For $n = 8$, the total num of iterations would be only $$8 + 4 + 2 + 1 = 15$$, 

which is exactly $2n - 1 = O(n)$). 

But $O(nlogn)$ would give you 

$$8log8 = 8 * 3 = 24$$ which is a looser bound. 

## Visual recap
![time complexities graphs](https://ucarecdn.com/257b05a0-5c91-44c4-b23f-93e39ca1cc1d/)

# Data structures
- A **data structure**, as implied by the name, is a particular structured way of storing data in a computer so that it can be used efficiently.
- For data structure, both **time** complexity and **space** complexity matter.

## Computational problems
- Algorithms are simply solutions to computational problems. **A single computational problem can have numerous algorithms as solutions.**
- For example, for an algorithm to get the largest element in a given array of `int`s, there are hundreds of ways to implement it. 
- There needs to be a way to describe the computational problem itself.

## Classes of computational problems: P, NP, NP-Hard, and NP-Complete

### P
**Polynomial**. Any computational problem that can be solved in polynomial time (or better, of course) is considered a member of P.

### NP
**Nondeterministic Polynomilal time**. 
- Computational problems that can be verified in polynomial time **(whether or not you can solve them in polynomial time)**
-  Do not necessarily need to be able to compute a correct answer in polynomial time
- NOT necessary for there to exist a polynomial-time algorithm that solves the problem optimally
- Therefore, **P is a subset of NP**, but [it has not yet been proven that P = NP](https://en.wikipedia.org/wiki/Millennium_Prize_Problems#P_versus_NP). => Not all problems in NP can be solved in polynomial time.
- Then what's like a problem that's **not a member of P but NP only?**

### NP-hard
**Nondeterministic Polynomial-time hard**.
- A problem can be considered NP-Hard **if it is at least as hard as the hardest problems in NP**.
- A problem H is NP-Hard when every problem L in NP can be "reduced," or transformed, to problem H in polynomial time. 
- Example of an NP-hard problem: [subsset sum problem](https://en.wikipedia.org/wiki/Subset_sum_problem)

### NP-complete
**Intersection between NP and NP-hard**.
- an NP-Hard problem is considered NP-Complete if it can be verified in polynomial time (i.e., it is also in NP).
- example problem: [Boolean satisfiability problem](https://en.wikipedia.org/wiki/Boolean_satisfiability_problem)
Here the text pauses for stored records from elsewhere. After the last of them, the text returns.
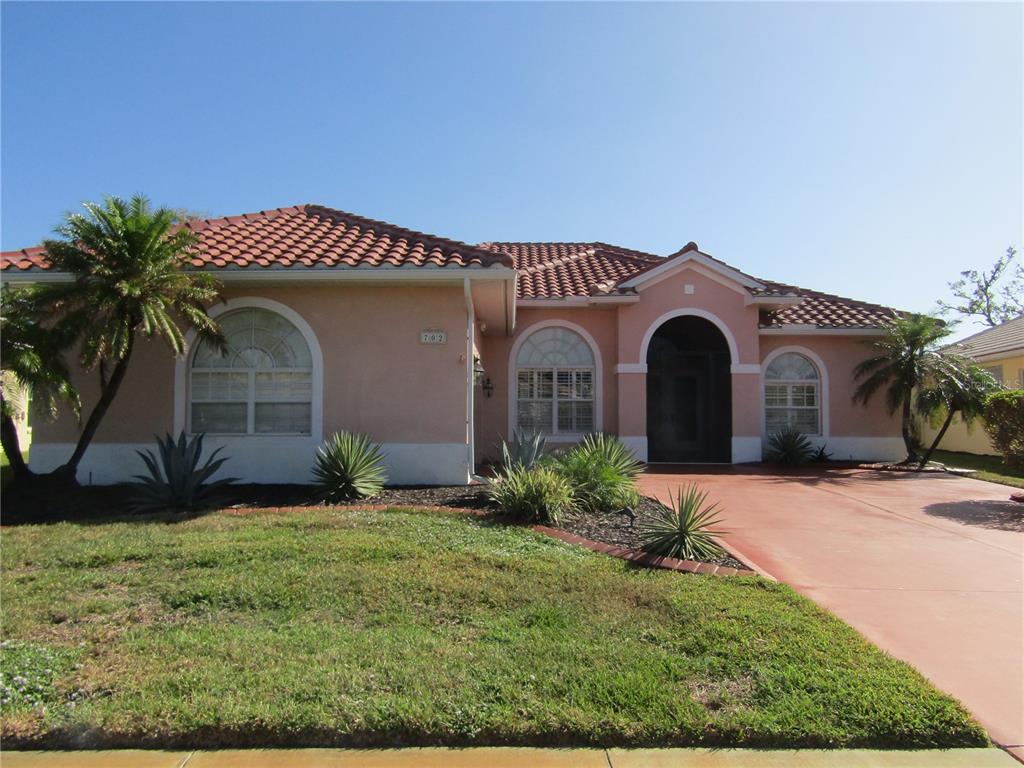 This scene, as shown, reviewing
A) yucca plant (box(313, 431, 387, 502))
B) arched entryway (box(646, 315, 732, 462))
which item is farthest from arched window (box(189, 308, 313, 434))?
arched entryway (box(646, 315, 732, 462))

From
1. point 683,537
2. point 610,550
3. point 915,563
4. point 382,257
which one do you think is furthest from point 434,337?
point 915,563

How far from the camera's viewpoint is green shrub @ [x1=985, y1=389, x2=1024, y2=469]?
34.8ft

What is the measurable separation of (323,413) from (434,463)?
194 cm

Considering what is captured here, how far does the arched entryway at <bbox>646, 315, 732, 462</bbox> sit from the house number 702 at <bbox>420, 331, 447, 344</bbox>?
26.7ft

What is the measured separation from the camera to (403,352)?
401 inches

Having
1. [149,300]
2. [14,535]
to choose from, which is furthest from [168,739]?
[149,300]

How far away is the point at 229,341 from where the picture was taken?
10336 mm

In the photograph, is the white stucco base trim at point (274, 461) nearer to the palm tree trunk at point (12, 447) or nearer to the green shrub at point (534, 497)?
the palm tree trunk at point (12, 447)

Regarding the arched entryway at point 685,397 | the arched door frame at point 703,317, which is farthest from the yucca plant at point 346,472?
the arched entryway at point 685,397

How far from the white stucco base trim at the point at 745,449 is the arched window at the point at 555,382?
3.49 metres

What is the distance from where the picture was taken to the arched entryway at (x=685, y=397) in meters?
16.4

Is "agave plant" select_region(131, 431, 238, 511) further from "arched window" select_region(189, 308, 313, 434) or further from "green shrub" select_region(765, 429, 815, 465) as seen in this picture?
"green shrub" select_region(765, 429, 815, 465)

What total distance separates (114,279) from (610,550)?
729 cm

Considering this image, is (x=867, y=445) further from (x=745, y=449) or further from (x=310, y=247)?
(x=310, y=247) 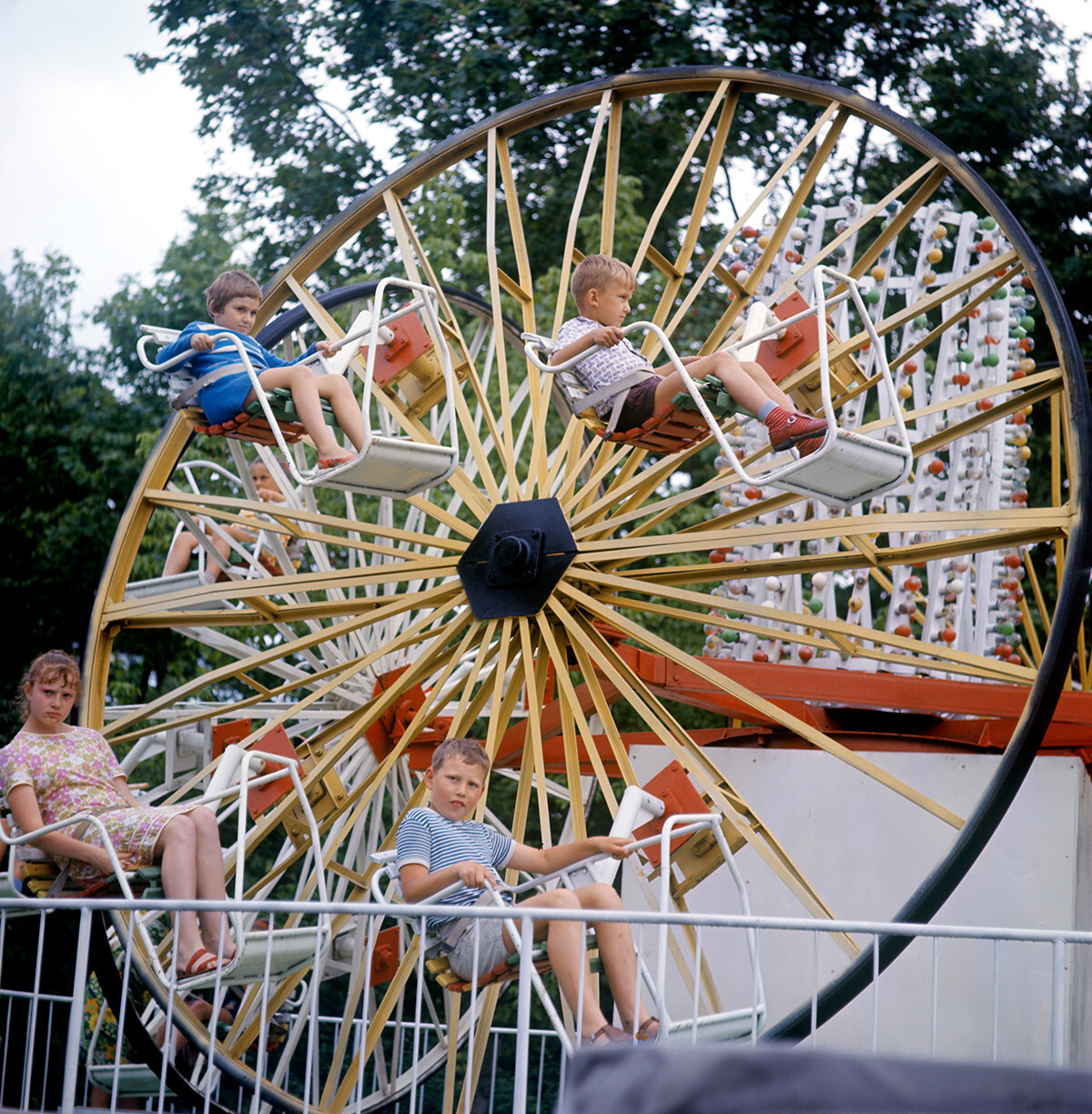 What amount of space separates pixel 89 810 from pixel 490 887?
1861mm

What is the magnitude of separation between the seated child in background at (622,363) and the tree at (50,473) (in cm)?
940

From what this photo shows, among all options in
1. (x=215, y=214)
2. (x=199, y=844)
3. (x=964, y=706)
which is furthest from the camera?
(x=215, y=214)

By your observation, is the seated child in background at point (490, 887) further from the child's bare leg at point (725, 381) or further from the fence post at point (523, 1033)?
the child's bare leg at point (725, 381)

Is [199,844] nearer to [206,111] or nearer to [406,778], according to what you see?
[406,778]

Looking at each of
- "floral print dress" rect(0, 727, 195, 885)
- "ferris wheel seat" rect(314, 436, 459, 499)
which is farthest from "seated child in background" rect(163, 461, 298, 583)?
"floral print dress" rect(0, 727, 195, 885)

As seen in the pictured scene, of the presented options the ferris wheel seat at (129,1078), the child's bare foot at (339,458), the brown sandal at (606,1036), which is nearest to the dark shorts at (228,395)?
the child's bare foot at (339,458)

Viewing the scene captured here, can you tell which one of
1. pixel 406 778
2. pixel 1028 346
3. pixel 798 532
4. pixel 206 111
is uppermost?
pixel 206 111

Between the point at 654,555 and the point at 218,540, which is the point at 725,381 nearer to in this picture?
the point at 654,555

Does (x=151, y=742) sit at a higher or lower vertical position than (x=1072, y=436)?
lower

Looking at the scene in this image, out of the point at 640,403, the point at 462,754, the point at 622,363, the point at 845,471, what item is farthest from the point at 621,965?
the point at 622,363

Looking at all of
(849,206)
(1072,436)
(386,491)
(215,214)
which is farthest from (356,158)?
(1072,436)

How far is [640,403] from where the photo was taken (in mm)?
6207

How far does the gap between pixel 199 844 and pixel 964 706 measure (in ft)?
11.6

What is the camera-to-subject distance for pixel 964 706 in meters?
6.94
## Diagrams to help understand the classes
![classes of computational problems](https://ucarecdn.com/12483788-925a-493c-a227-751ea01f54d2/)

Left: if P ≠ NP 

Right: if P = NP (all problems that can be verified in polynomial time can also be solved in polynomial time)

### Questions to help
This one is really hard if you don't look into the diagram. Which ones are right?:

- [ ] All problems in NP-Complete are also in NP-Hard
- [ ] All problems in NP-Complete are also in NP
- [ ] All problems in NP are also in NP-Complete
- [ ] All problems in P are also in NP
- [ ] P = NP
- [ ] All problems in NP-Hard are also in NP-Complete
- [ ] P ≠ NP
- [ ] All problems in NP are also in P

## Impllications
Knowing the class of a given computational problem, you may expect / save the length of the time you will work on it, or even give up on it because it's simply impossible to finish it in a polynomial time.